Here's Jim Hoagland, one of our non neo-con foreign policy pundits, generally supportive of the Bush doctrine, in an early July discussion of our increasing isolation.

But Bush is no conventional incumbent. He is so deeply involved in remaking Afghanistan, Iraq and the Middle East that he lacks a foreign policy firewall for 2004. His presidency is irretrievably tied to events in those remote and devastated precincts. Bush must use every asset he possesses every day to achieve, at a minimum, non-failure.

Bush and his increasingly assertive White House foreign policy staff will have to stay on the offensive through the election season. They should begin by moderating the administration's tendency to go it mostly alone.

They should seek greater help from America's traditional friends and partners in managing the messy postwar aftermaths of rapid military victories in Central Asia and the Persian Gulf.

That thought is making headway in public opinion and, I think, at the White House. But this is not a one-way street: It is not only the administration that needs to engage in a fundamental rethinking of the highly fluid international scene created by overwhelming U.S. military power and Bush's unilateralist style in diplomacy.

The complicated hubris of "remaking Afghanistan, Iraq, and the Middle East I'd like to leave for another post.

Not a one-way street? Isn't that the very essence of the Bush doctrine, that it is?

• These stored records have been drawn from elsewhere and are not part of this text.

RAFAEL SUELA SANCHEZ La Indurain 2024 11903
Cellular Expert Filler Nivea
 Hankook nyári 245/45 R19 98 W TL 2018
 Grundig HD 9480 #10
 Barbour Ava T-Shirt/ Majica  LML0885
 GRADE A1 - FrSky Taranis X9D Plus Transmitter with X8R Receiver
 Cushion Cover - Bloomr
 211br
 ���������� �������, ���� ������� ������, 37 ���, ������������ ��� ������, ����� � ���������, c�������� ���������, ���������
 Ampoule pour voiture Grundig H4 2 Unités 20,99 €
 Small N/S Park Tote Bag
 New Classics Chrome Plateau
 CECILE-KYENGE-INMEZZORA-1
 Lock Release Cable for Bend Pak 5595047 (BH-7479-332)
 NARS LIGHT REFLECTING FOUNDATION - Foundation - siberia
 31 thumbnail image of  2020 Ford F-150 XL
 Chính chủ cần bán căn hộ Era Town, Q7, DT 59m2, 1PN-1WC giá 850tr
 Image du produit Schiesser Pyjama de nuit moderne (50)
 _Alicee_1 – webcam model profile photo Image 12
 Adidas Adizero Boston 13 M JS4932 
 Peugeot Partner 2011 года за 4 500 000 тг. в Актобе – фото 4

But this is not about knocking Hoagland, tempting though that is. His article is worth reading because his approach, and the challenges he poses to the countries in the other lane of that two way street are ones, in a slightly different form, that are going to be directed at Bush's domestic critics, i.e., Democrats, centrist Republicans, and us liberal lefties.

France, Germany, Russia and other countries that opposed the war in Iraq have yet to communicate in a convincing manner the final outcome they want to see inside Iraq. Nor have many of them indicated what they are prepared to contribute to bringing that outcome about should the United States seek the greater international involvement in Iraq and Afghanistan that is now being urged on Washington.

Is it better for France's quest for "multipolarity" if the United States succeeds or fails in Iraq? Do the hard-liners of Chancellor Gerhard Schroeder's Social Democratic Party want Germany involved in any way in bolstering America's new "imperialism"?

Thinking about our answers is the next step we need to take, beyond making the most of the well-deserved pratfall this administration has experienced, tripping over it's own muddled assertions about its own muddled policies.